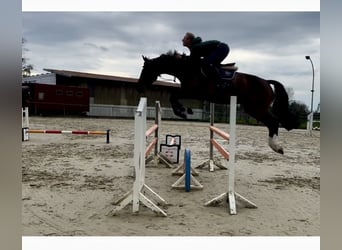 Koń westfalski, Klacz, 6 lat, 168 cm, Ciemnogniada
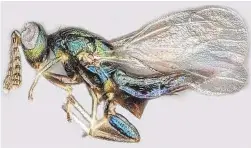  ?? University of Central Florida ?? A new study indicates the crypt-keeper wasp, above, uses many different gall-making species of hosts for laying its parasitic eggs.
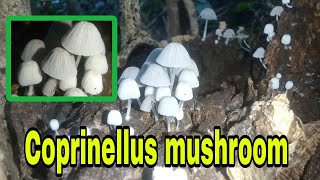 Coprinellus mushroom [upl. by Whitby]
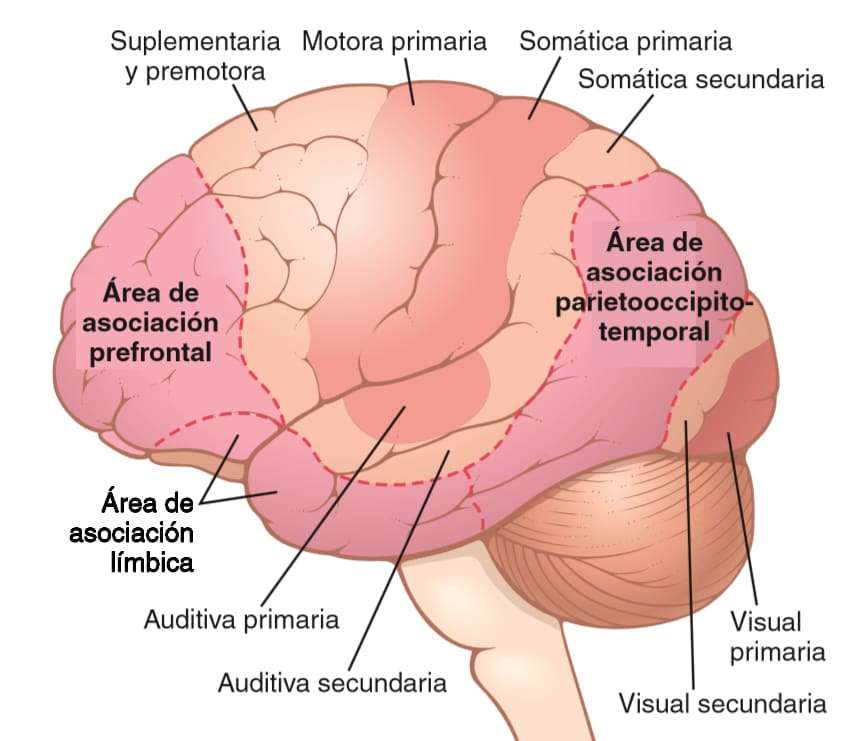 Funktionella områden i hjärnan pussel på nätet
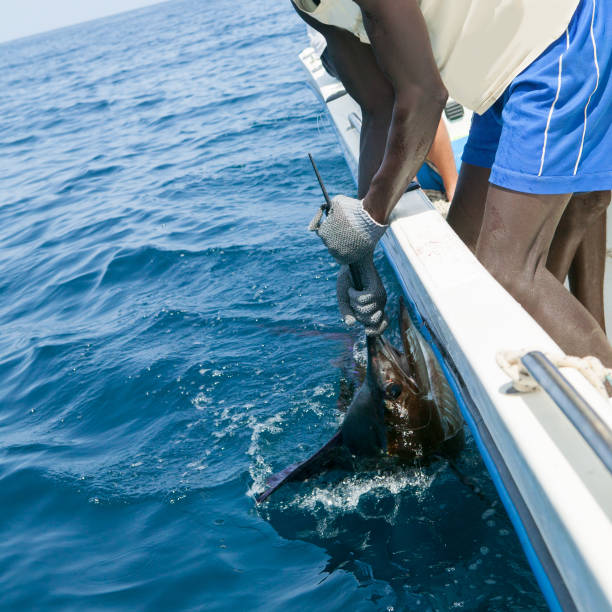 istock Sailfish catch billfish sportfishing holding bill 1339015737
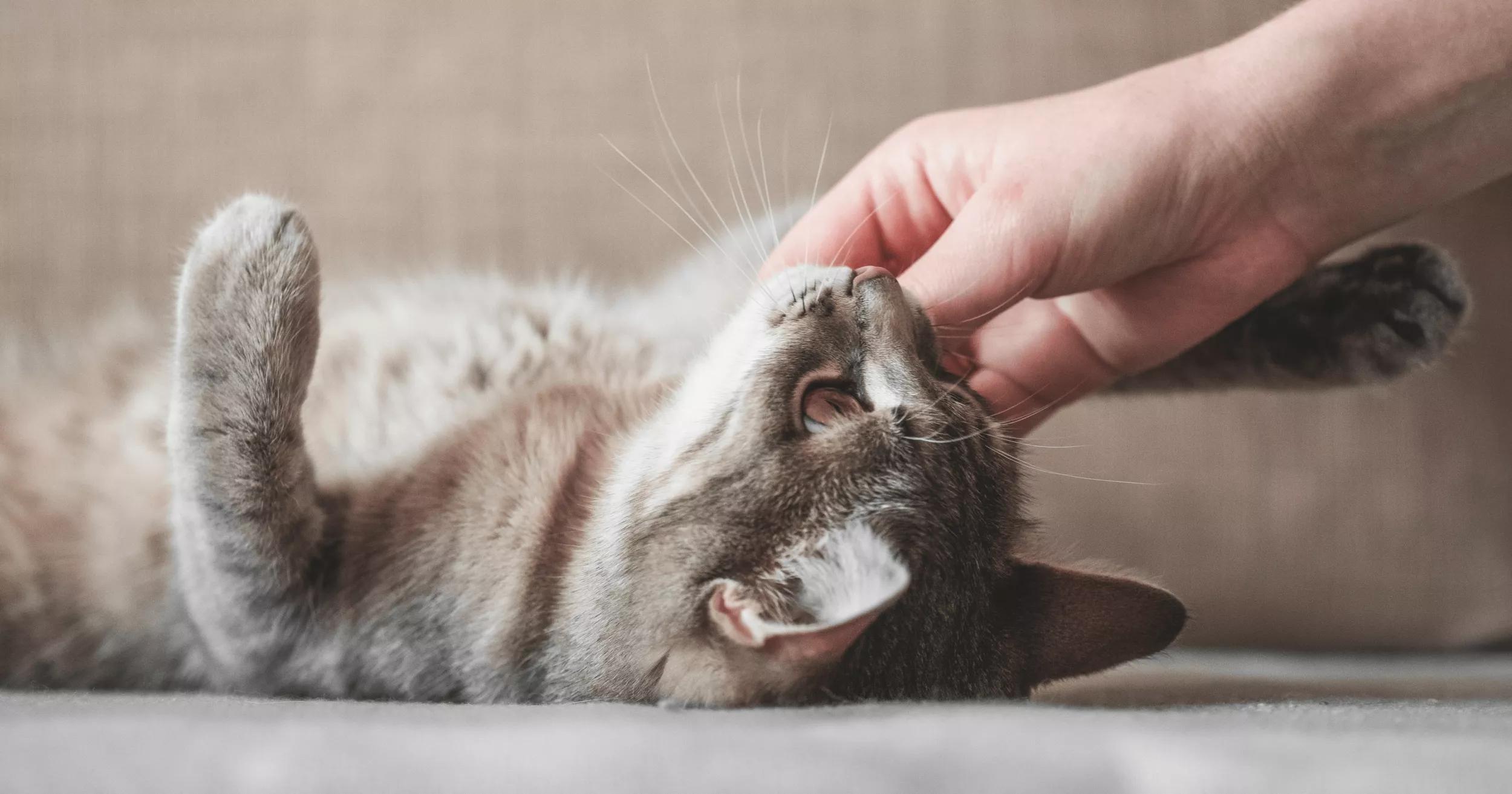 A cat is pampering of its loving companion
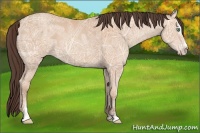 Horse Color:Amber Champagne Ice Sabino
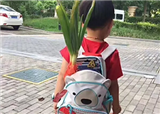 ��ѧ��һ�����С�к�����(������1154)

----

**INSTRUCTIONS TO FOLLOW:**
The material is to be written out word for word, and the pictures are to be left out.

**RESPONSE BELOW:**
 Koń westfalski, Klacz, 6 lat, 168 cm, Ciemnogniada
  ?? University of Central Florida ?? A new study indicates the crypt-keeper wasp, above, uses many different gall-making species of hosts for laying its parasitic eggs.
 Coprinellus mushroom [upl. by Whitby]
 Funktionella områden i hjärnan pussel på nätet
 istock Sailfish catch billfish sportfishing holding bill 1339015737
 A cat is pampering of its loving companion
 Horse Color:Amber Champagne Ice Sabino
 ��ѧ��һ�����С�к�����(������1154)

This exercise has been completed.